Le Président n’a pas fait dans la demi-mesure. Ses directives, a-t-il rappelé, « procèdent directement de sa vision et de ses priorités stratégiques ». Elles « engagent, sans équivoque, la responsabilité tant collective qu’individuelle des Membres du Gouvernement ainsi que de l’ensemble des Institutions concernées ».

Traduction politique : chacun est comptable, et personne ne pourra se réfugier derrière le flou administratif.

Félix Tshisekedi a insisté, toujours aux termes du compte rendu : cela constitue « une exigence fondamentale de bonne gouvernance, de crédibilité de l’action publique et d’efficacité de l’État ».

L’heure n’est plus aux discours bien calibrés, mais à la matérialisation concrète des décisions prises autour de la table du Conseil.

« Le contraire ne saurait, en aucun cas, être toléré »

Le Chef de l’État a également attiré l’attention des membres du Gouvernement sur « l’impérieuse nécessité de délivrer les résultats dans le temps leur imparti ». Objectif : garantir « la cohérence de l’action gouvernementale », « l’atteinte des objectifs assignés » et surtout « la redevabilité à l’égard du peuple Congolais, seul détenteur de la souveraineté ».

Et de prévenir : « Le contraire ne saurait, en aucun cas, être toléré dans le contexte actuel, marqué par une exigence accrue de résultats concrets, mesurables, vérifiables et perceptibles par les citoyens. »

Le message est sans équivoque : les Congolais veulent voir, toucher, constater.

Inventaire, évaluation… et mesures correctives

Pour éviter que certaines instructions ne s’évaporent dans les méandres bureaucratiques, la Première Ministre a été chargée « de procéder à un inventaire exhaustif, méthodique et documenté de l’ensemble des instructions présidentielles issues des réunions du Conseil des Ministres ». Le Président a souligné que cette démarche s’inscrit dans « une logique de redevabilité, d’évaluation objective et transparente des performances individuelles et institutionnelles, ainsi que de renforcement de la discipline, de la rigueur et de la responsabilité gouvernementales ».

Et parce qu’un inventaire sans conséquences n’est qu’un exercice académique, il a averti : cet exercice conduira, « le cas échéant, à des options, des décisions subséquentes et des mesures appropriées, y compris correctives, afin de garantir un rendement optimal conforme à ses attentes, aux engagements pris devant la Nation et aux exigences supérieures de l’intérêt général ».

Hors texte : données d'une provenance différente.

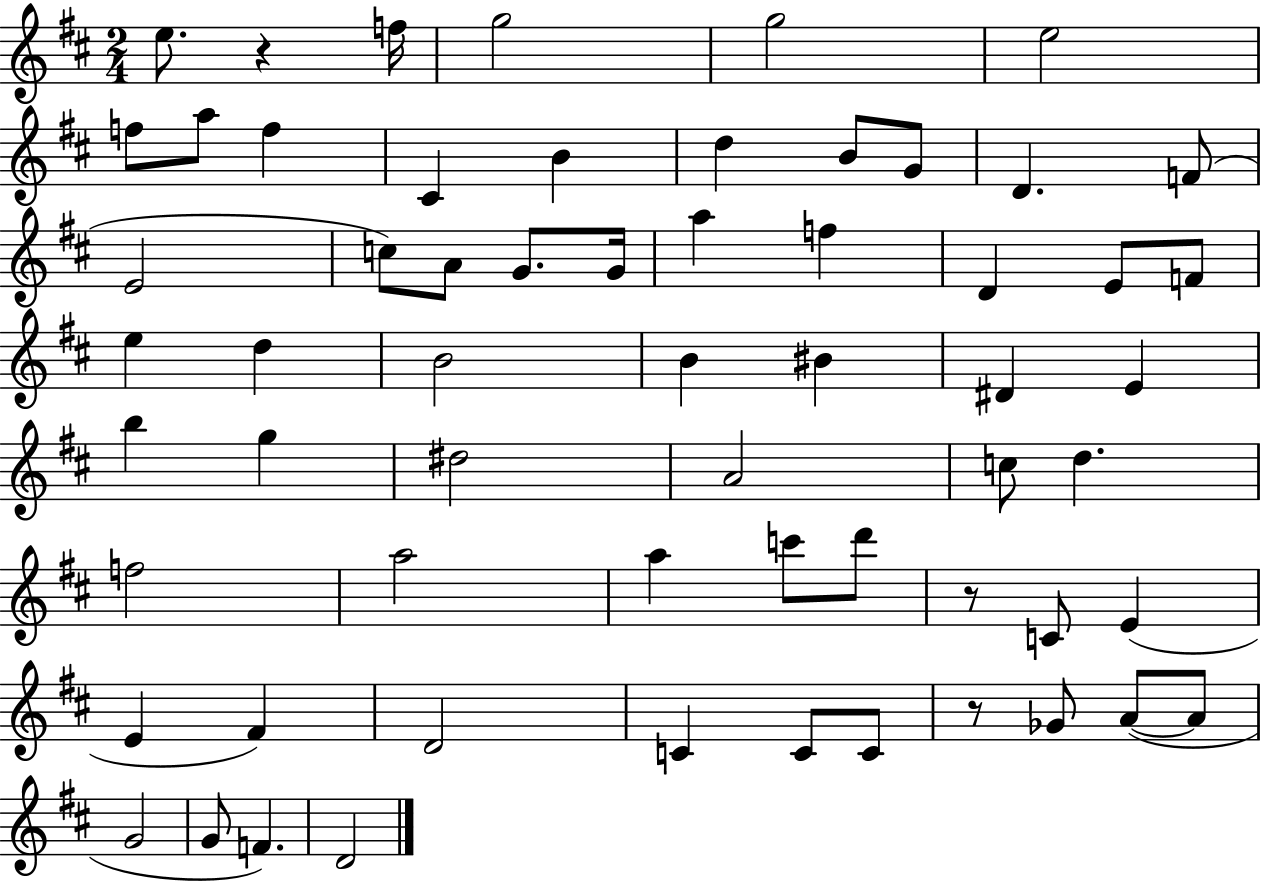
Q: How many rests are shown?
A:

En clair : la patience présidentielle a ses limites.

Le Conseil prend acte… mais le Président exige des actes

Comme le veut la formule consacrée, « le Conseil a pris acte ». Mais cette fois, le Chef de l’État semble vouloir que l’exécutif prenne surtout… des initiatives et des responsabilités, et produise des actes.

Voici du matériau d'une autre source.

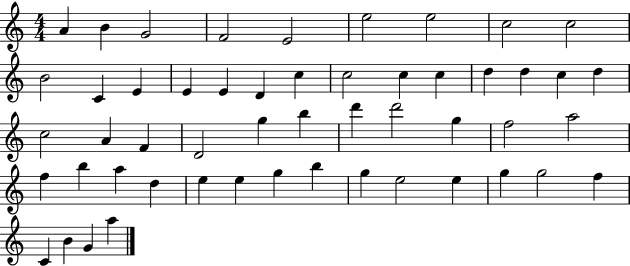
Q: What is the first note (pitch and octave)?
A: A4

Dans un contexte national où l’opinion publique scrute la performance gouvernementale avec une exigence accrue, cette sortie présidentielle sonne comme un rappel à l’ordre général. Vendredi à la Cité de l’Union Africaine, le mot d’ordre n’était pas la routine administrative, mais la performance mesurable. Car, à bien comprendre le Président, l’heure n’est plus aux intentions : elle est aux comptes.